She notes that his clothing "smelled of some kind of compromise" -- Tuon agreed to let Mat wear clothing in the style that he preferred as long as it was silk? Elayne also notes that he's wearing a pink ribbon around his hat. And that is also fascinating because Mat had two very specific memories about Tylin's (pink) ribbons in his second chapter in this book (right before he saw Tuon again), and they were both extremely negative. The first time was when his scarf around his neck reminded him of "a ribbon that felt like a chain" and the second was his flashback to the pink ribbons when he saw Tylin's headboard/bed. So for Mat to put a pink ribbon around his hat is... interesting. A reminder of the chains that he's still wearing? We're not in his PoV, so we don't get his reasoning, and I don't think he ever thinks about it in his own PoV.

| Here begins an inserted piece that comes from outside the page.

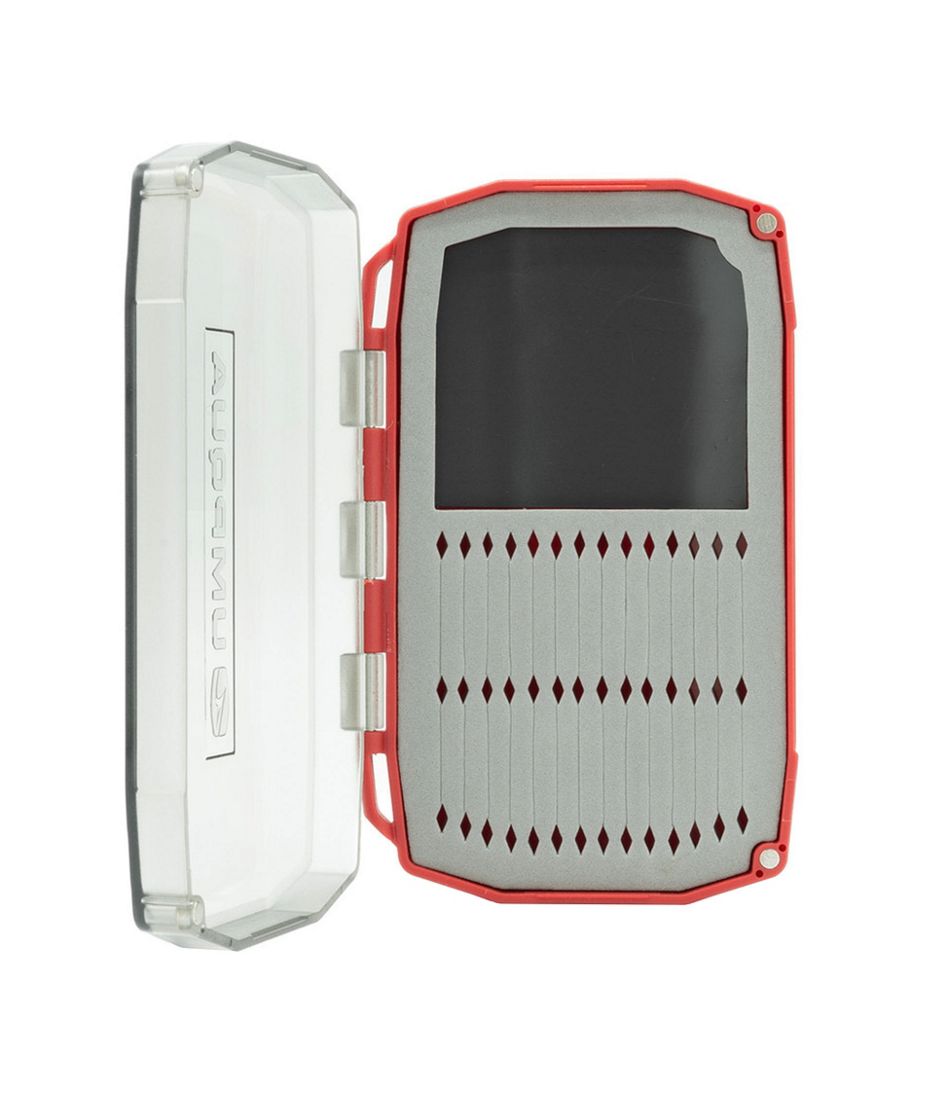 Umpqua Pro Guide Foam Daytripper, Mini | L.L.Bean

"All in all, Elayne was impressed by how easily the scout mixed his obeisance and his report. She was also sickened. No ruler should demand such of her subjects. A nation's strength came from the strength of its people; break them, and you were breaking your own back."
I am also really really curious by what (silent) Fortuona might be thinking of the casual & intimate way that Mat and Elayne are talking to each other here, given how jealous she's gotten in the past. Elayne noted when she entered the tent that Fortuona was present ("dressed in enough green silk to supply a shop in Caemlyn for two weeks" and with Min standing silently at her side) but has not engaged with her at all.
"You spent this whole week planning with us, and you knew the entire time you'd throw [the plans] out with the dishwater." Anyway, Mat says that he didn't know the entire time, but that he needs to keep the plans in his head if they want them to be safe from the Forsaken. Also, Elayne, in contrast to most of the people who have interacted with Mat recently, is able to figure out what he's thinking just from a couple of micro-expressions.
But it's interesting/frustrating the implied changes that have happened over the course of this week of off-screen planning -- aka Tuon compromising with Mat. Because it happens off-screen, we don't actually find out why Tuon was willing to compromise - is it because, with all his friends around, she's realized that it would be impossible to control him with the methods she would use if they were alone, because he could just... walk fifty feet away and hang out with his powerful friends instead of being stuck with her if she pushes him too far (as he did in the previous chapter when she was trying to force him to sit in judgement)? Has she actually had off-screen character development (if so, stop having important emotional moments happen off-screen!)? We just don't know.
Mat is also still calling Fortuona "Tuon". And that scene ended with Elayne never, at any point, engaging with Tuon and she also never thinks of Fortuona as "Mat's wife", only as "the Seanchan Empress". Surely she has to know by this point that they're married but she Does Not Think About It. I genuinely have so many questions -- one of the primary ones being: where has Mat been sleeping this last week? Does the fact that Mat was saying "Tuon's tent" in the previous chapter mean that he has his own tent separate from hers? Tuon positioned "having sex" as a reward-type situation back when Mat first showed up in Ebou Dar, so is that time in the gardens the only time that they've had sex? Given that Tuon seems to want Min by her side constantly, if she did decide to have sex with Mat again, would she insist on Min staying in the tent with them to keep an eye out for sex-related omens? (we already know that Selucia and at least one or two other guard-slaves would likely be present) Has Mat been avoiding having sex with her or sleeping in the same tent as her so that she doesn't get another chance to steal his medallion? So many questions, absolutely nothing in the narration that gives me any hints at answers.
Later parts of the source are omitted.